Diplômé d’un double master en ingénierie de la prévention et gestion des conflits, il termine désormais une spécialisation en philosophie et théorie politique. Quatorze ans plus tard, le parcours de Mamadou le fait replonger dans de lointains souvenirs qui sont loin d’être enfouis. « Je me rends compte que ce qui m’a sauvé pendant tout ce temps c’était la réciprocité de la tolérance. J’avais beaucoup de chance d’avoir des regards bienveillants, des rencontres qui m’ont permis de me rassurer mais je m’aperçois aussi aujourd’hui qu’en toute modestie, je leur ai bien rendu cette tolérance. Je pense qu’on s’est fait grandir finalement tous ensemble. Ce sont ces personnes, humainement ancrées, qui m’ont permis de toujours garder espoir. »
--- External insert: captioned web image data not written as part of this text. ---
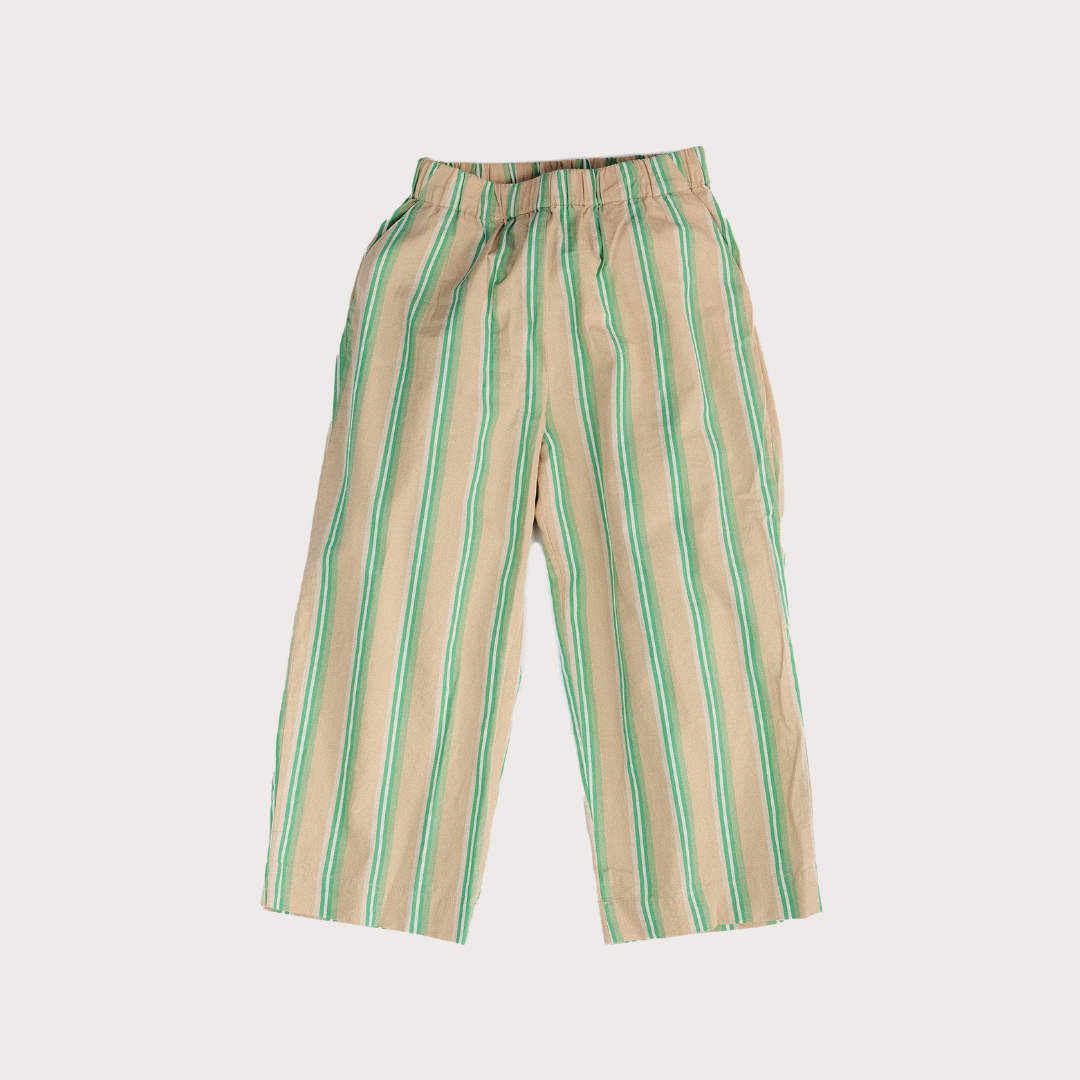Studio Koter Ever lightweight cotton green stripe trousers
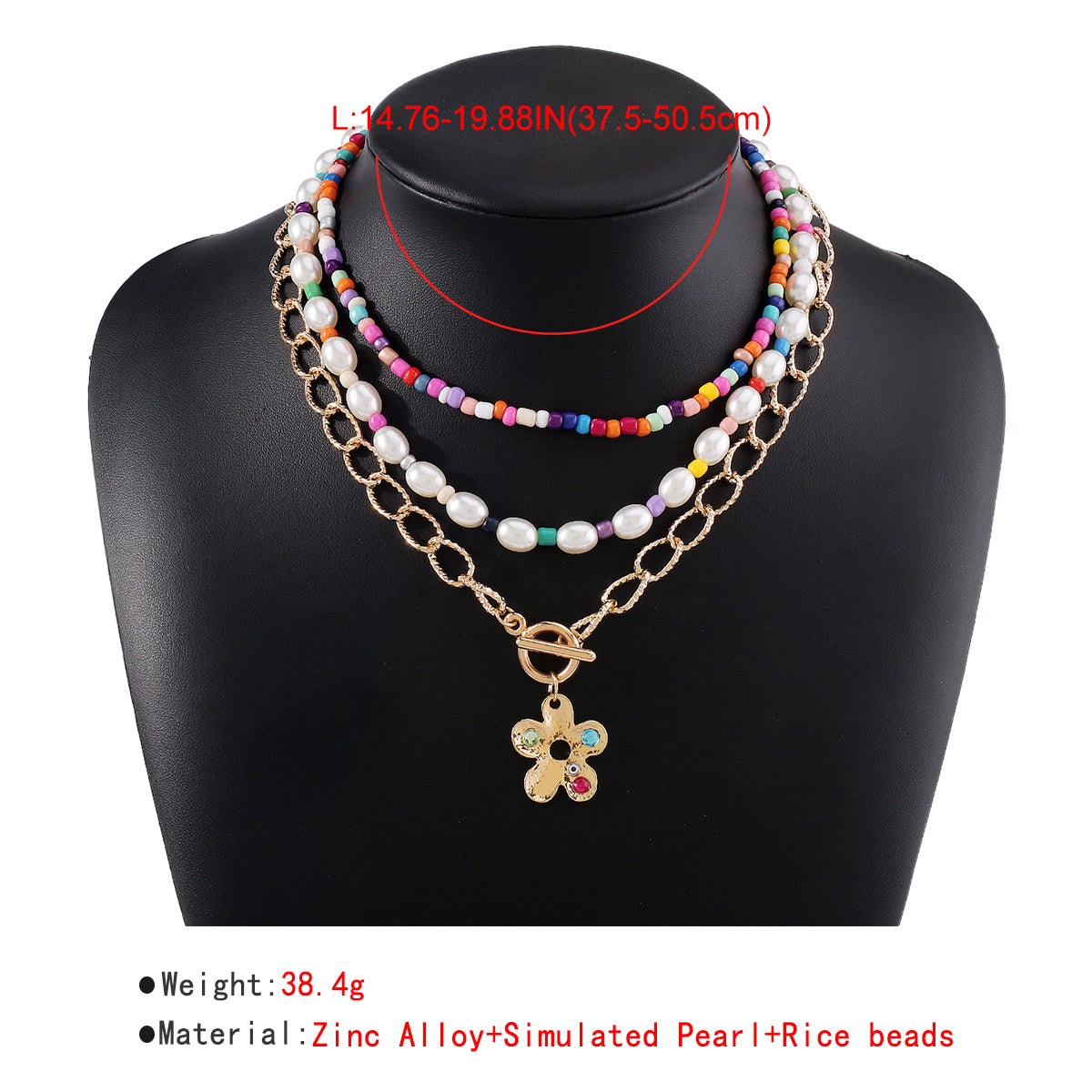N10817 Layered Beads Pearl Flower Pendant Necklace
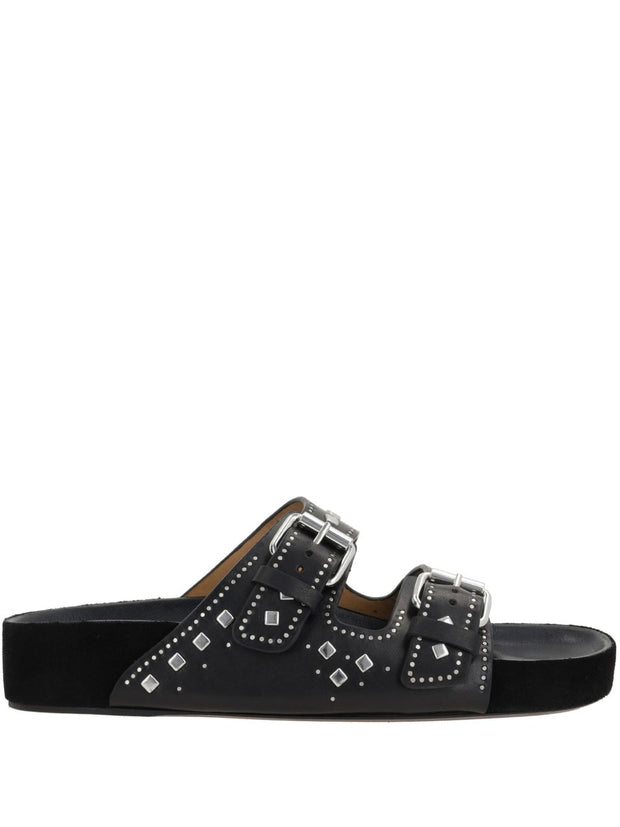 Isabel Marant Lennyo Leather Sandals Black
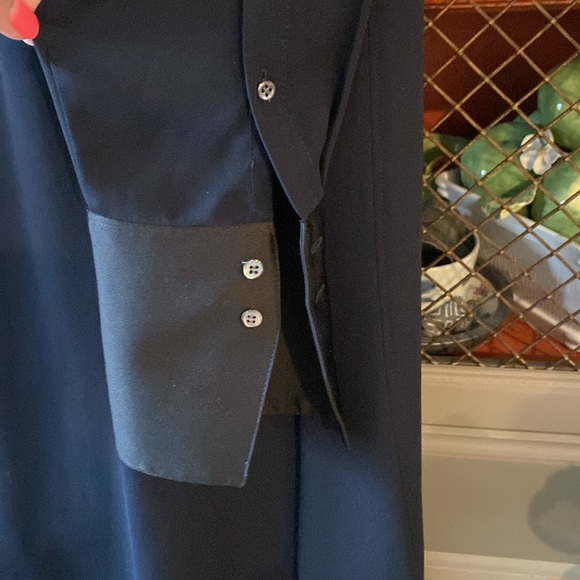 J Crew Classic Navy & Black Long Dress Shirt Style Dress - Picture 5 of 14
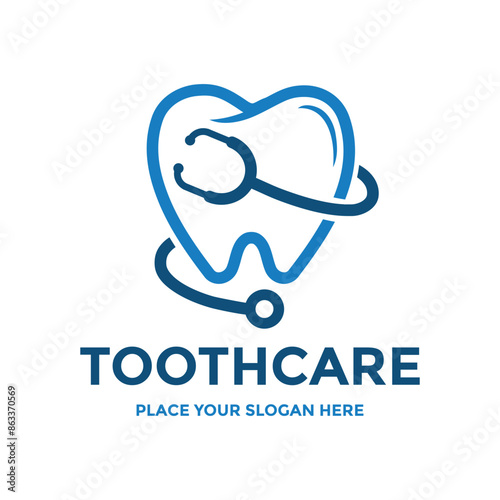 Toothcare vector logo template. This design use tooth and hand symbol. Suitable for healthcare, medical.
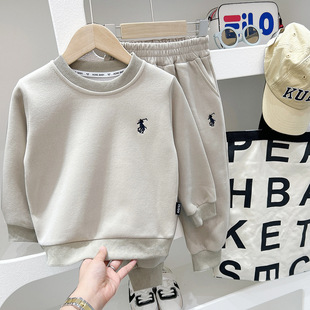 2025 spring new boys' embroidery sweater suit big children's sports sweater sweater pants two-piece suit generation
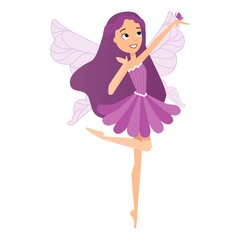 Fototapeta na wymiar Beautiful fairy dances in her colorful outfits and purple dress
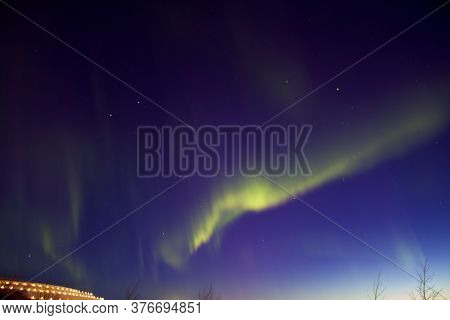 Beautiful Northern Lights (aurora Borealis) Captured Near Kiruna Iron Ore Mine, Sweden.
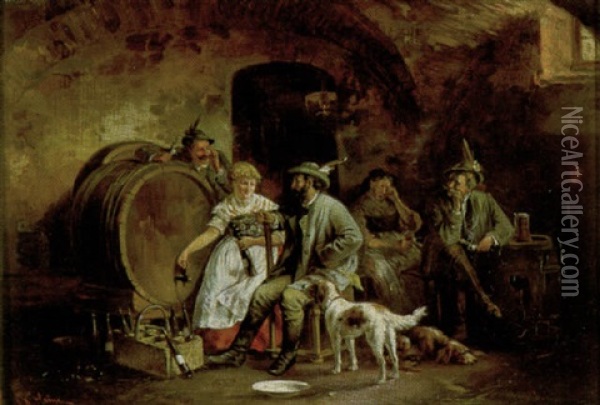 Zecherei Im Weinkeller Beim Abfullen Der Weinflaschen Oil Painting - Johann Adalbert Heine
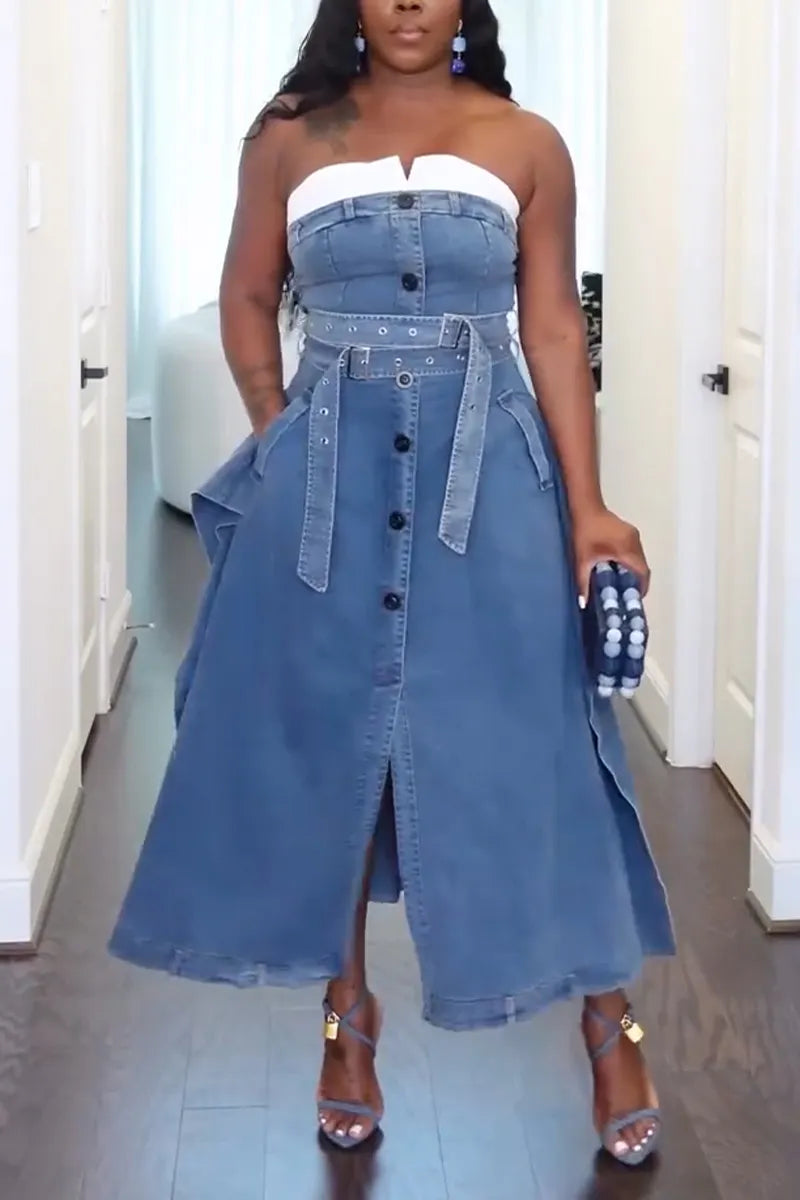 Women's Strapless Patchwork Waist Cinching Slit Casual Denim Dress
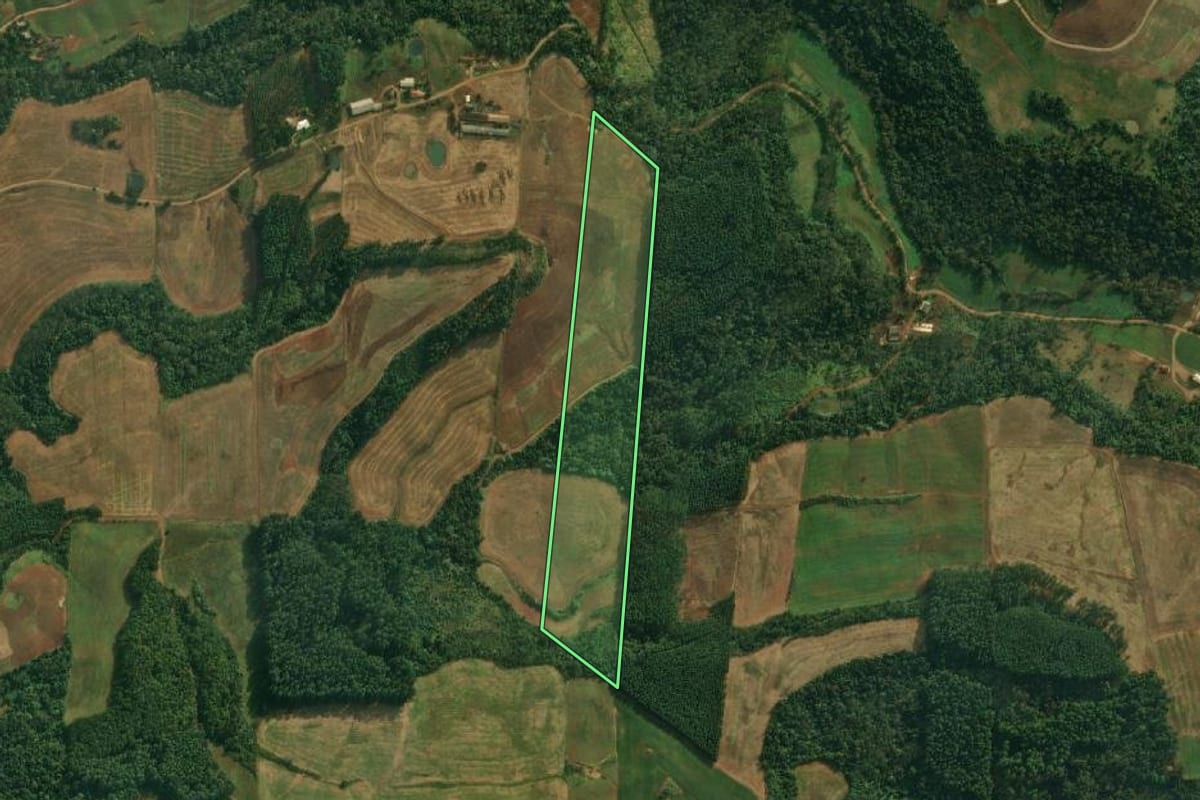 Imagem de satélite do imóvel rural em Mondaí (SC), com o contorno declarado no CAR desenhado por cima.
Et aujourd’hui, le Guinéen de 29 ans veut porter son message. « Je ne veux pas que le parcours migratoire soit un tabou. Je veux qu’on puisse oser en parler et ouvrir toutes les fenêtres. J’ai revu ma famille l’année dernière quand je me suis rendu en Afrique. Ça m’a permis de comprendre ce qu’il s’était passé et pourquoi mes parents avaient pris la décision de m’envoyer en Belgique. À 16 ans, j’avais plutôt le sentiment d’avoir été abandonné mais aujourd’hui, j’ai un autre regard. J’ai désormais deux familles, deux cultures et deux ancrages. »
Les idées assumées, un message qui porte par son vécu, Idriss Soumah veut faire évoluer la société et son pays d’adoption. « C’est paradoxal que la population vote pour des partis qui ne soutiennent pas ou ne renforcent pas le secteur de l’immigration alors que la grande majorité des citoyens est touchée par les histoires similaires à la mienne. Il y a toujours de beaux élans de solidarité. Je veux faire évoluer les mentalités. Je me dis que ça peut aider et en inspirer d’autres. Je plaide pour qu’il y ait des critères objectifs mais aussi un regard au cas par cas sur chaque personne. Parce que, oui, nous sommes des personnes, pas des dossiers sur le coin d’une table. Je sais que tous n’ont pas eu la même chance que moi. Aujourd’hui, je me bats pour les autres. » Idriss est ainsi la preuve que toutes les histoires ont une fin. Même les pires.